Statistical analysis
Quantitative parameters were reported as mean and standard deviation for uniformly distributed data, while nonuniformly distributed data were described as the median and interquartile range (IQR). Qualitative parameters were reported as absolute numbers and percentages. For comparative analysis between the three groups (grades 0, 1, and 2 of immunocompromise), we used the ANOVA test for uniformly distributed quantitative samples and the Kruskal–Wallis H test for nonuniformly distributed ones. Regarding categorical qualitative data, Pearson’s Chi-square test and Fisher’s exact test were used, where appropriate.
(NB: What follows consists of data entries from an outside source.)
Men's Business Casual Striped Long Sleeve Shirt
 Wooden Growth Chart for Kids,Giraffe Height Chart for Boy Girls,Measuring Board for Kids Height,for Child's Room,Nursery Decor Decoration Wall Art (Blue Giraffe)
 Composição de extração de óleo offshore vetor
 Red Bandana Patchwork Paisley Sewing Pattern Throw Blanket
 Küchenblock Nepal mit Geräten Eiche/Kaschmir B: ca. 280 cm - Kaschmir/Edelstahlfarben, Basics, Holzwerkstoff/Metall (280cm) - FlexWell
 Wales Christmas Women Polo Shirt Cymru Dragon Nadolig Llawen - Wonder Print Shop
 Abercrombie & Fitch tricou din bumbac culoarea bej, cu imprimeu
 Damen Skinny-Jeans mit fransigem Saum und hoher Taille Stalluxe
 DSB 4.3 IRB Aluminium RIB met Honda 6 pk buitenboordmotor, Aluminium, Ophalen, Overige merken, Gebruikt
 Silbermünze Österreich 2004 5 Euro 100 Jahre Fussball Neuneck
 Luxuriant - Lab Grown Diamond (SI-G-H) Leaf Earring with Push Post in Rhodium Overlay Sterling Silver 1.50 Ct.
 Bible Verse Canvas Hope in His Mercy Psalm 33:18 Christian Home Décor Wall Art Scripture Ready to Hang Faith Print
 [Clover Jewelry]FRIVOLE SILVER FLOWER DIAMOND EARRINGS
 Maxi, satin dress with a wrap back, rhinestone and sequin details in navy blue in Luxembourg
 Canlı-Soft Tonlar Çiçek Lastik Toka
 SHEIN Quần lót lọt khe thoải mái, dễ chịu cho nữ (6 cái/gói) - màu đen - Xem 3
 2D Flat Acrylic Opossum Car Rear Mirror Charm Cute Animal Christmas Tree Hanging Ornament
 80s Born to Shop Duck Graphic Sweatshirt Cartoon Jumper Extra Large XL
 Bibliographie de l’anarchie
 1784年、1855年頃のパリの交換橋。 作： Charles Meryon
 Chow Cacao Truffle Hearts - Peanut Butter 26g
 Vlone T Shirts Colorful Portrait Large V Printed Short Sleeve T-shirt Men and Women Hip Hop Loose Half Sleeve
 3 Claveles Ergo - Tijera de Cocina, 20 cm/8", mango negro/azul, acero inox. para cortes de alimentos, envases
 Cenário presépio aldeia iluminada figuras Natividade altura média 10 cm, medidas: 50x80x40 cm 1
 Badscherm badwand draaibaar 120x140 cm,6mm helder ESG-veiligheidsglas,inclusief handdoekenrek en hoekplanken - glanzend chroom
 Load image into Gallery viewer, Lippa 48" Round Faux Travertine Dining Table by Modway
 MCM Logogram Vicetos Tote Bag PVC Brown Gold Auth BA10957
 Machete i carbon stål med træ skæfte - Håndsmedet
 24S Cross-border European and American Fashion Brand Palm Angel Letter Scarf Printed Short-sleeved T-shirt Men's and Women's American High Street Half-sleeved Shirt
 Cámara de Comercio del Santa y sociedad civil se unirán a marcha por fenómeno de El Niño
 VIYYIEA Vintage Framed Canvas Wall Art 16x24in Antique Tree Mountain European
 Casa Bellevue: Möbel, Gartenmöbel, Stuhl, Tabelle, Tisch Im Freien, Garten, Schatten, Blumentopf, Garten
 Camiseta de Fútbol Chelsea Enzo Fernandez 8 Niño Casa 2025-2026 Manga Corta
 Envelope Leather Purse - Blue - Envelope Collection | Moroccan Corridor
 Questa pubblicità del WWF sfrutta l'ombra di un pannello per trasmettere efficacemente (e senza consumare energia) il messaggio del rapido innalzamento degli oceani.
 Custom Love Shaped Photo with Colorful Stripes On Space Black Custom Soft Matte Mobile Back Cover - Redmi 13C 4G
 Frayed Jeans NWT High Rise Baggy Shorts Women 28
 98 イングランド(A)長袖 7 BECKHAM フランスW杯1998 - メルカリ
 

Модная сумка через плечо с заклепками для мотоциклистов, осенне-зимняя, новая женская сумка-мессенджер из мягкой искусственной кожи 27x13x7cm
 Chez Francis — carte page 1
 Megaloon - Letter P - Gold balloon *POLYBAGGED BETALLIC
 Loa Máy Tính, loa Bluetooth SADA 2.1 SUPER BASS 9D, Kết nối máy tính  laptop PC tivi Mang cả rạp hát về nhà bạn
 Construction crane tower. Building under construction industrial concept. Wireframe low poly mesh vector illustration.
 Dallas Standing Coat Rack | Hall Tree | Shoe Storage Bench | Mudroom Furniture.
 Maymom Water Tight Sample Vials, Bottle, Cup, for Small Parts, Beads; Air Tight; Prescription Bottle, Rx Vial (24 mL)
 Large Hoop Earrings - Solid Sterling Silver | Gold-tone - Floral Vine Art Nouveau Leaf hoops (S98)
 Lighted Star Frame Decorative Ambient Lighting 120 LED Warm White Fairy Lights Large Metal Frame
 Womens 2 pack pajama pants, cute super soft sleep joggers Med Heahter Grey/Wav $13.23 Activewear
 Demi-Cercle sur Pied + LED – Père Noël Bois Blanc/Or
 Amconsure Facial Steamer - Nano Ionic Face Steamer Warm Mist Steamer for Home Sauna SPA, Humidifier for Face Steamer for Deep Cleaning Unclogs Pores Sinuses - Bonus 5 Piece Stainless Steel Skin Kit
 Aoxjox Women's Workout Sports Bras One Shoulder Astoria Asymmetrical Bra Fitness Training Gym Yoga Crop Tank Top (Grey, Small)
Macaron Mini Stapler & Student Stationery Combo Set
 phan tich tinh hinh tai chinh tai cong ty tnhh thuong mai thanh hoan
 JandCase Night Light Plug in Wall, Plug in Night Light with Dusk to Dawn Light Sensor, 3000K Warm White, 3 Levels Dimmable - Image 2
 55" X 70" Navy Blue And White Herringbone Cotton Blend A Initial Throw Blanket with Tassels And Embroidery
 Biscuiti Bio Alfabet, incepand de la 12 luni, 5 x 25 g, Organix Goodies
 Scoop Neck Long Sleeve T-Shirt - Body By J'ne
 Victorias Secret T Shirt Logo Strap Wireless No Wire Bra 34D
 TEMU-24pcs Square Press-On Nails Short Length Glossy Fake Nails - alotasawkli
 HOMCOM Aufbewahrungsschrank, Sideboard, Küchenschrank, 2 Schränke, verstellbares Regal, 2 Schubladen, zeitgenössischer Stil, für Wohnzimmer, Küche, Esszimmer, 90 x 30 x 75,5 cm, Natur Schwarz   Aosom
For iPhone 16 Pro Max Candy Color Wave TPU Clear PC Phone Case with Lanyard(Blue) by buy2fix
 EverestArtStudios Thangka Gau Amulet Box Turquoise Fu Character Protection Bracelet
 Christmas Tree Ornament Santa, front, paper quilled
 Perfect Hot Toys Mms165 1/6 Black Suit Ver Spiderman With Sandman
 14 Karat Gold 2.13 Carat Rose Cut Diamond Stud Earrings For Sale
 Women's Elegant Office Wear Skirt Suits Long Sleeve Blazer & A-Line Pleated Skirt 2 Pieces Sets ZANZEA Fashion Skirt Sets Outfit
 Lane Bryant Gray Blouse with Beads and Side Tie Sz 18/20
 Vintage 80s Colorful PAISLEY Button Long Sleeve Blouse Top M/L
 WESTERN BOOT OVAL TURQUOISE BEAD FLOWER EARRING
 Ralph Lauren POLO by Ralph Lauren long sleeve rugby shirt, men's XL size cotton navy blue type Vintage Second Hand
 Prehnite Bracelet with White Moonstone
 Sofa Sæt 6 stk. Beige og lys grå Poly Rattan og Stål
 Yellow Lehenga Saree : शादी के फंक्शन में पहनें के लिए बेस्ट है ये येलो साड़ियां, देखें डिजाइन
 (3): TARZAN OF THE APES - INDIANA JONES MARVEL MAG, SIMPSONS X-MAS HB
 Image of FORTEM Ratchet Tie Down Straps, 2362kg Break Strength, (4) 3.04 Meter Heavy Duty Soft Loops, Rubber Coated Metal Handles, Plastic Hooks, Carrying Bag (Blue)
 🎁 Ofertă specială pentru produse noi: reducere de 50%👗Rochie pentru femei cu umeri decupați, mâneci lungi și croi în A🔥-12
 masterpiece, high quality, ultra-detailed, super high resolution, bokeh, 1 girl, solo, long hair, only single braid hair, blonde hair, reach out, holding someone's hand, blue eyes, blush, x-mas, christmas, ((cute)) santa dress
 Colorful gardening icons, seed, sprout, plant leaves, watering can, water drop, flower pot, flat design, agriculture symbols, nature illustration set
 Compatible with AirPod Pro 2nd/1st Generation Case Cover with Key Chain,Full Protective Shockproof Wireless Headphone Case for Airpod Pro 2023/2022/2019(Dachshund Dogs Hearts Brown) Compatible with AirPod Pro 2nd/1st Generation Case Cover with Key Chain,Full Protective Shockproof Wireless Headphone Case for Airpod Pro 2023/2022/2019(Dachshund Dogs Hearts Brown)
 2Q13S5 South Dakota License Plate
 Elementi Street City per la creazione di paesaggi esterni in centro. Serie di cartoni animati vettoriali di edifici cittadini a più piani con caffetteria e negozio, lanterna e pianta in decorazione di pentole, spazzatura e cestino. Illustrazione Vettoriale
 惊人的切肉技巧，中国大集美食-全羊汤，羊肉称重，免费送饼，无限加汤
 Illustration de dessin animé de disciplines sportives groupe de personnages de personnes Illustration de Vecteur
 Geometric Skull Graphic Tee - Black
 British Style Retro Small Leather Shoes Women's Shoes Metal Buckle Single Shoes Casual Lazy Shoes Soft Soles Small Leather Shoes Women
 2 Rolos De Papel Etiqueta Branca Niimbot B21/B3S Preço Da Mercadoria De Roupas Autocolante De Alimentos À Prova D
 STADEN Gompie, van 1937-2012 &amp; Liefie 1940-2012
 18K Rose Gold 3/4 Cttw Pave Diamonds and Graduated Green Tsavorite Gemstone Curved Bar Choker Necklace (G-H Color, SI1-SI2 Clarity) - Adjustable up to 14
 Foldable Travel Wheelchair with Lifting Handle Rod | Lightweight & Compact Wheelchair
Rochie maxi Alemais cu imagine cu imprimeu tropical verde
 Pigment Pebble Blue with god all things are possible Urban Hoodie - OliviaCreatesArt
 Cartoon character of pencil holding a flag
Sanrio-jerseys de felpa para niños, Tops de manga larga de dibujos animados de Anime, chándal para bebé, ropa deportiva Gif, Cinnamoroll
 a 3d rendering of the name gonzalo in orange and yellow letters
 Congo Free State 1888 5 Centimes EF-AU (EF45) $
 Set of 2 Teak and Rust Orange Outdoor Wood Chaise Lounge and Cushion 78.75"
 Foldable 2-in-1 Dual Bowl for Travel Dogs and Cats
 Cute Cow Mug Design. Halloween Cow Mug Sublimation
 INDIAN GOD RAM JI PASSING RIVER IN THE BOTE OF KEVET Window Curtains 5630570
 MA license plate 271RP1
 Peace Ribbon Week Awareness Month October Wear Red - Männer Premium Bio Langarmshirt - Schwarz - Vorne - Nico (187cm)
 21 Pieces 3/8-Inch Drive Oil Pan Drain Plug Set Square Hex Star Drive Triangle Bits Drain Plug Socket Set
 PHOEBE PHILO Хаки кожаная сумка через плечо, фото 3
Differences were considered statistically significant where the p-value was < 0.05. Statistical analysis was conducted using XLSTAT software (Addinsoft, XLSTAT statistical and data analysis solution. Paris, France. https://www.xlstat.com, 2021).
Results
Data from 482 patients with acute diverticulitis were analyzed: 229 patients (47.5%) underwent medical therapy [M: F = 1:1; median age: 60 (24–95) years] (Group A), while 253 patients (52.5%) received surgical treatment [M:F = 1:1; median age: 71 (26–94) years] (Group B). In group A, 160 patients presented with grade 0 (69.9%), 61 with grade 1 (26.6%), and eight with grade 2 (3.5%). In group B, 97 patients presented with grade 0 (38.3%), 129 with grade 1 (51%), and 27 with grade 2 (10.7%) (p < 0.00001).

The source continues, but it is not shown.